(Beginning of MATERIAL PROVIDED)

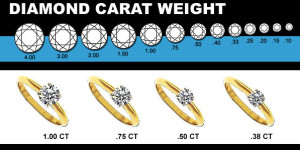 Diamond Carat Weight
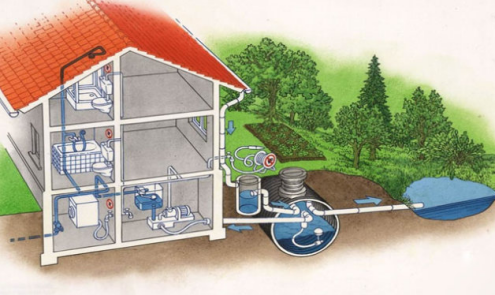 家庭雨水回收系统利用有哪些优势呢 雨水收集系统 雨水收集池 雨水回收厂家 江苏天润雨水利用科技有限公司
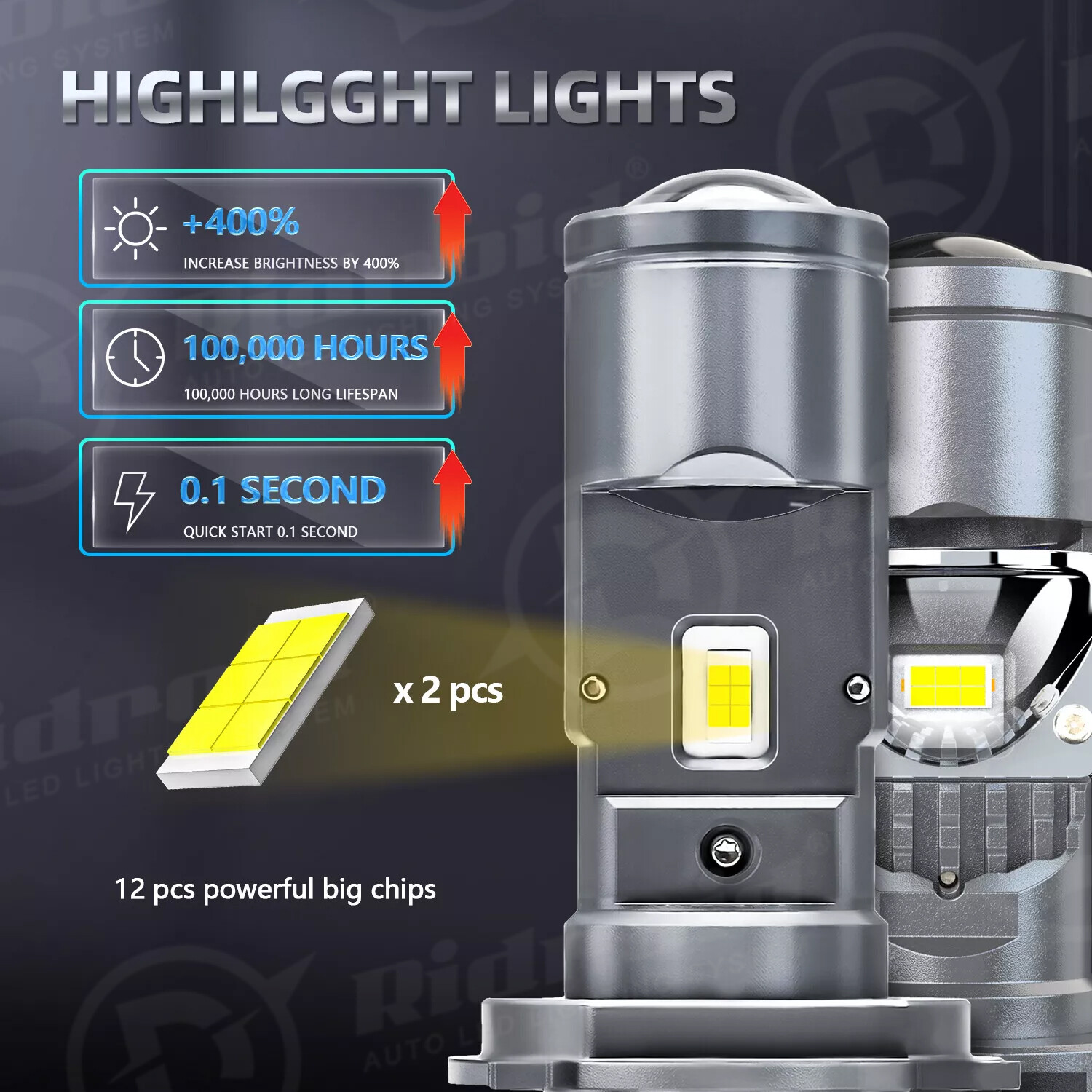 2X H4 9003 Bi-LED Mini Projector Lens Headlight Bulbs Hi/Lo 20000LM Retrofit LHD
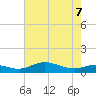 Mountain Point tide chart for Thursday, May 7, 2026
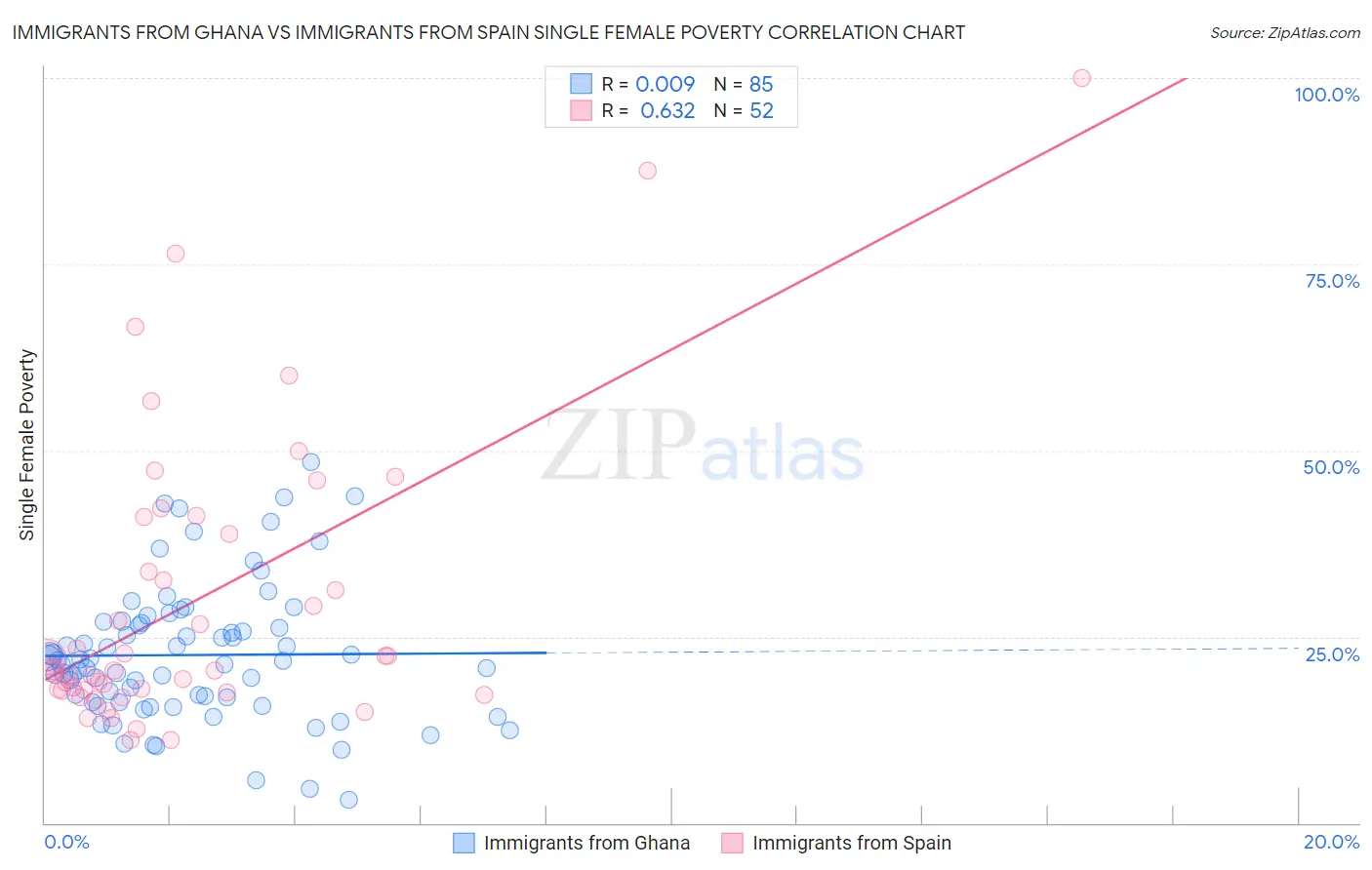 Immigrants from Ghana vs Immigrants from Spain Single Female Poverty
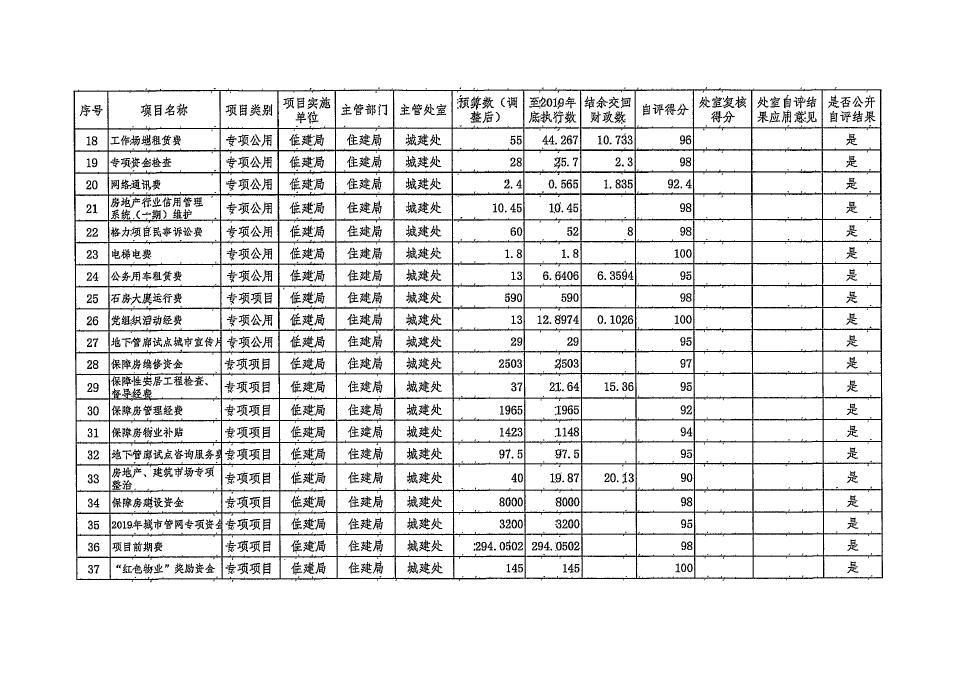 德信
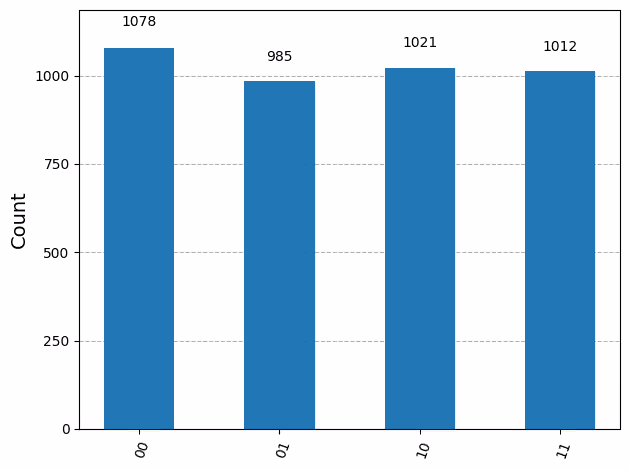 Output of the previous code cell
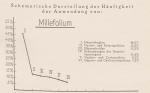 Madaus Schema Millefolium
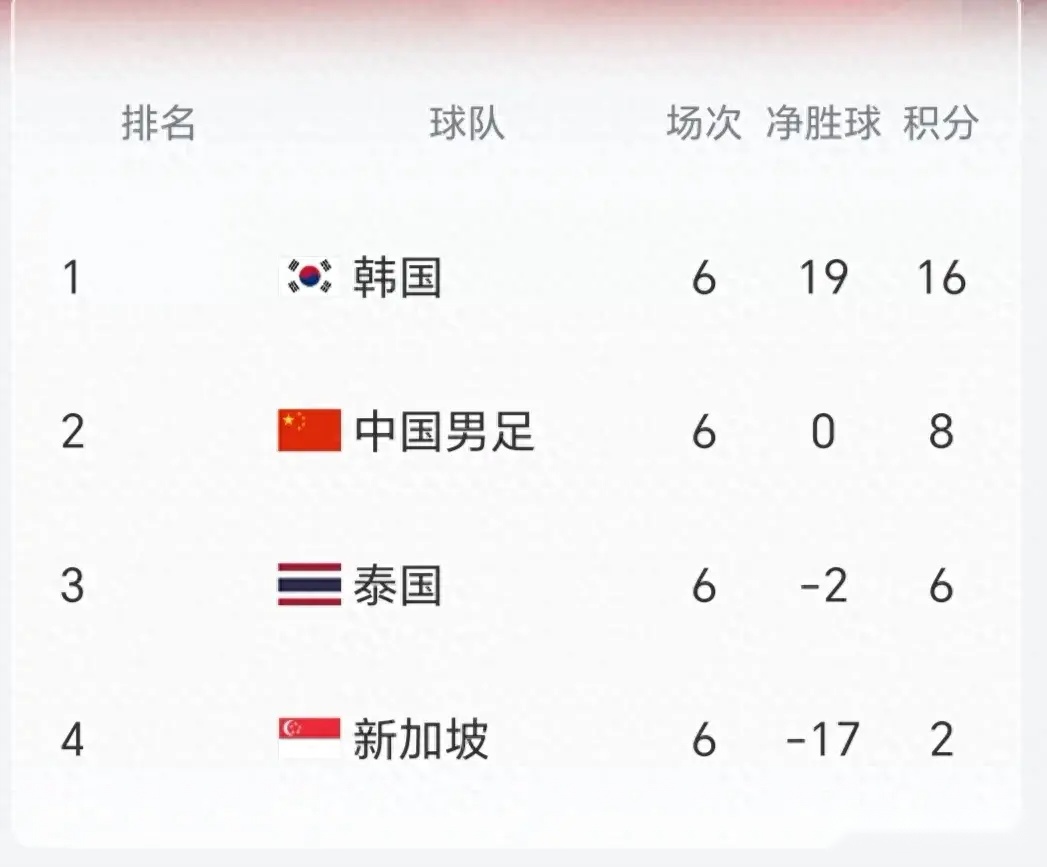 实时动态（足球）朝鲜对决新加坡比分界外球榜排名-权威解读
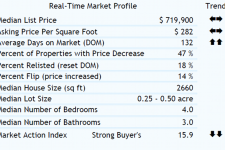 Carlsbad Median Home Prices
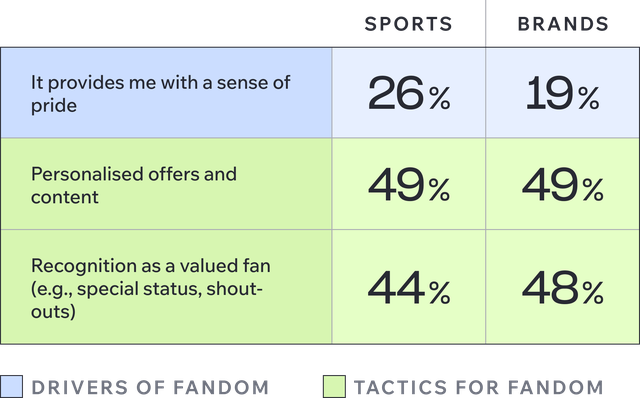 Table comparing drivers of fandom and fandom tactics for sports and brands, with percentages for pride, personalised content, and recognition.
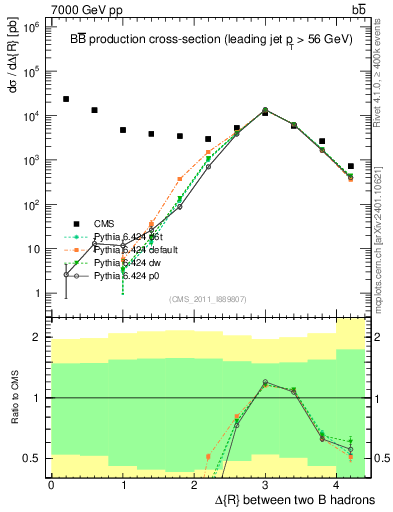 Plot of bjbj.dR in 7000 GeV pp collisions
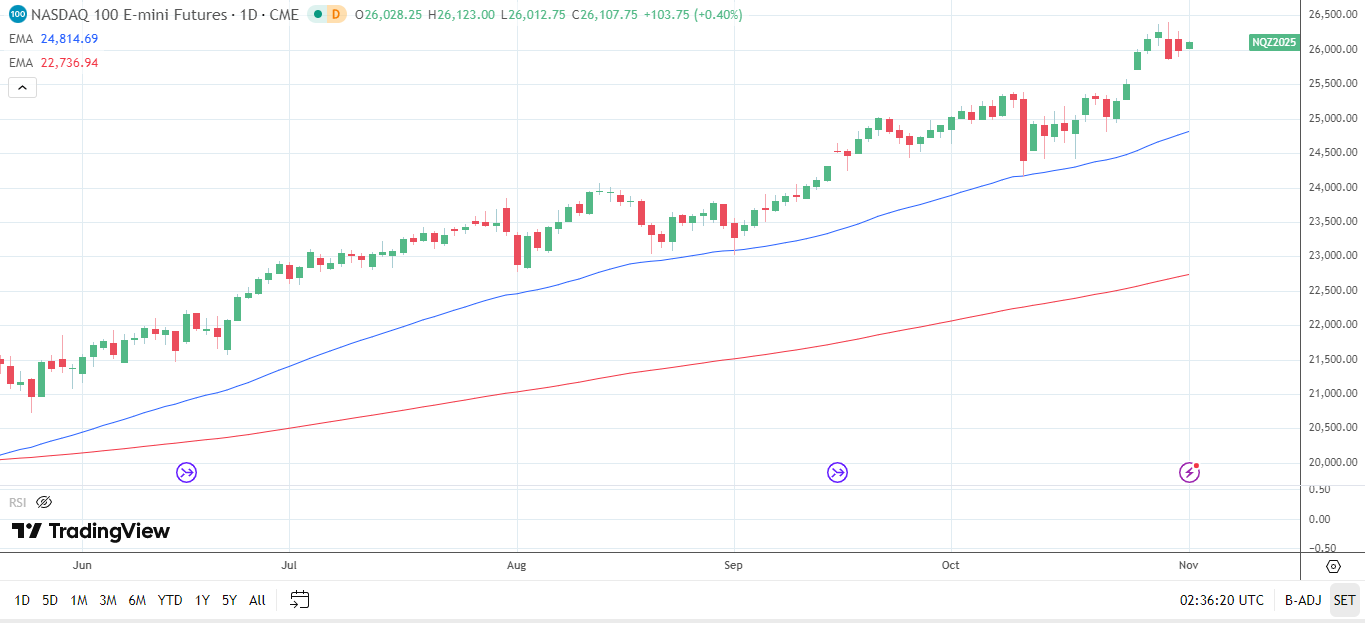 Nasdaq 100 daily chart sends bullish price signals.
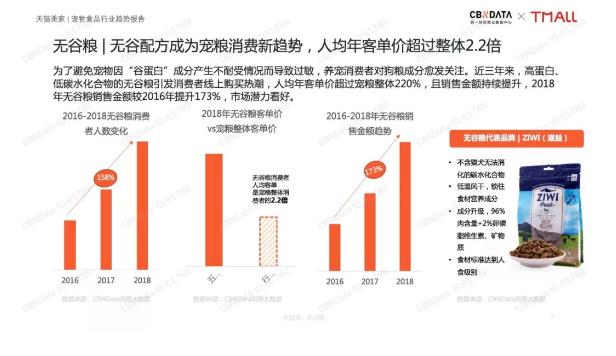 出售宠物最新解读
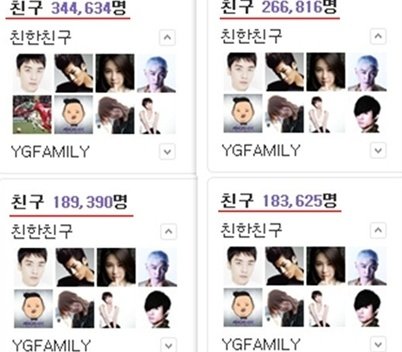 다라 박봄 씨엘 민지의 미투데이 친구 수(사진 위 왼쪽 부터 시계 방향)ⓒ각 멤버의 미투데이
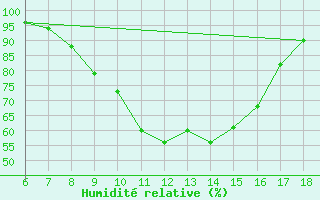 Courbe de l'humidit relative pour Ferrara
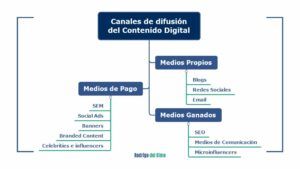 infografia. principales canales de difusión de contenidos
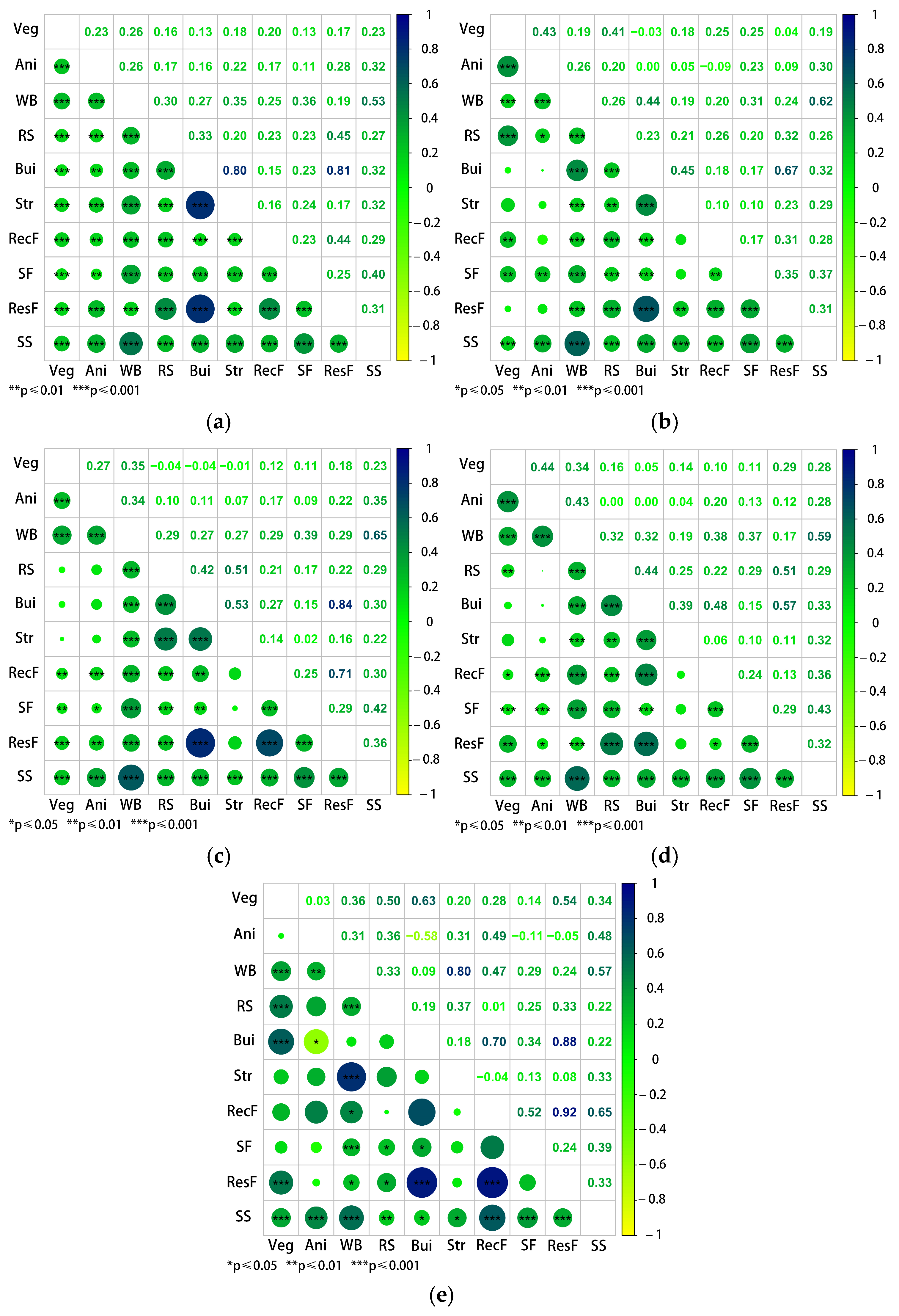 Sustainability 17 03465 g009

(End of MATERIAL PROVIDED)

** WHAT IS BEING ASKED **
Output every entry exactly. Pictures stay out.

** EXPECTED OUTPUT **
 Diamond Carat Weight
 家庭雨水回收系统利用有哪些优势呢 雨水收集系统 雨水收集池 雨水回收厂家 江苏天润雨水利用科技有限公司
 2X H4 9003 Bi-LED Mini Projector Lens Headlight Bulbs Hi/Lo 20000LM Retrofit LHD
 Mountain Point tide chart for Thursday, May 7, 2026
 Immigrants from Ghana vs Immigrants from Spain Single Female Poverty
 德信
 Output of the previous code cell
 Madaus Schema Millefolium
 实时动态（足球）朝鲜对决新加坡比分界外球榜排名-权威解读
 Carlsbad Median Home Prices
 Table comparing drivers of fandom and fandom tactics for sports and brands, with percentages for pride, personalised content, and recognition.
 Plot of bjbj.dR in 7000 GeV pp collisions
 Nasdaq 100 daily chart sends bullish price signals.
 出售宠物最新解读
 다라 박봄 씨엘 민지의 미투데이 친구 수(사진 위 왼쪽 부터 시계 방향)ⓒ각 멤버의 미투데이
 Courbe de l'humidit relative pour Ferrara
 infografia. principales canales de difusión de contenidos
 Sustainability 17 03465 g009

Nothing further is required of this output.